1999 had many important films, but perhaps there is no better place to start than with The Matrix itself. In terms of its effect on Hollywood, the film congealed the concept of the blockbuster. Citing this film exactly, Sean Connery, in 2003’s The League of Extraordinary Gentlemen, stated that the two reasons why he accepted the lead role were that he had turned down an offer to be in The Matrix and that he wanted to be in a blockbuster film like The Matrix--even though he did not quite understand them--because that was what everyone was talking about. The Matrix, with its revolutionary special effects and computer animation, also engendered the big-budget, CGI-heavy action film, perhaps the best followup of which is 2009’s Avatar. (In fact, director James Cameron put off filming Avatar for almost ten years until Hollywood possessed the technology to do it.)


The Blair Witch Project was also released in 1999, giving audiences a taste of what has since been referred to as the “found footage” film. Garnering an unsuspecting $140 million, the film gave way to many popular films of the same genre, such as the Paranormal Activity series beginning in 2007. To enjoy these films, we have to believe that what we are watching is real, similar to how Cypher desires to reenter the Matrix so that he can enjoy the taste of steak without being conscious of the fact that it is not real.


Another landmark film from 1999 was The Sixth Sense, a discussion of which perhaps deserves a separate paper altogether. Not only would this film be perfect fodder for Clover’s argument about Edge-of-the-Construct films--seeing as Bruce Willis’ realization at the end of the movie that he has in fact been dead all along eerily recalls the moment when one finds the edge of the construct--but more important, Sixth Sense popularized the “twist ending” in film, which has become a staple of movie-making ever since. Perhaps it should not surprise one, then, that 1999’s Fight Club also features an important twist ending, the moment when Edward Norton’s character realizes that Tyler Durden (played by Brad Pitt) is part of his split personality.


Speaking of Fight Club, it was based on a 1996 novel of the same name, which testifies to what is perhaps the most lasting feature of 1999 films’ on Hollywood ever since: its grand urge to subsume.
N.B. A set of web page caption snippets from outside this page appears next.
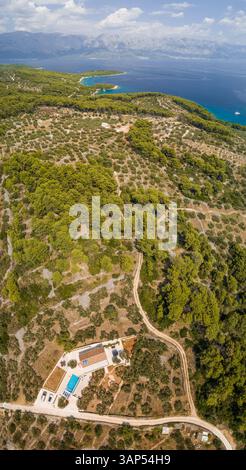 Panoramablick auf die Insel Brac, Villa und Berge, Sumartin, Kroatien. Stockfoto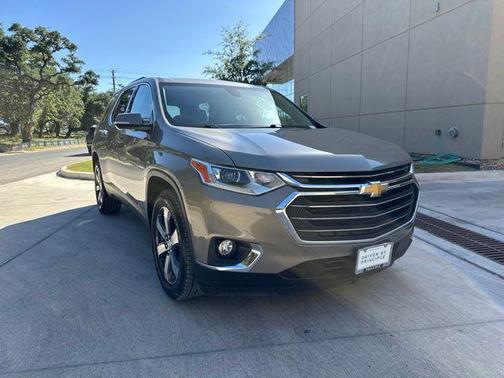 Pepperdust Metallic 2018 Chevrolet Traverse LT Leather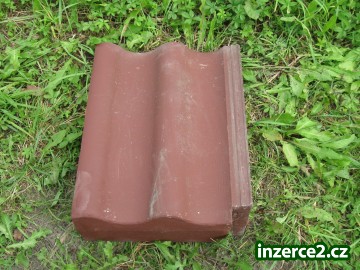 Prodám střešní betonové tašky BRAMA MAX 7° červenohnědé_2 323219_2.jpg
In describing how the film industry subsumed the video game industry with respect to The Matrix, Clover writes that “Hollywood understood the challenge, as it has mostly understood such insults to its supremacy, as something to be assimilated” (25). Fight Club, like The Matrix, was successful financially, as were several other 1999 films based on preexisting, written stories (The Iron Giant, Tarzan, and Eyes Wide Shut). From 1999 on, Hollywood assimilated almost all of the best (and worst) books as an easy way to make movies and thus make money. This month’s first installment in The Hunger Games trilogy is just one good example of this tendency.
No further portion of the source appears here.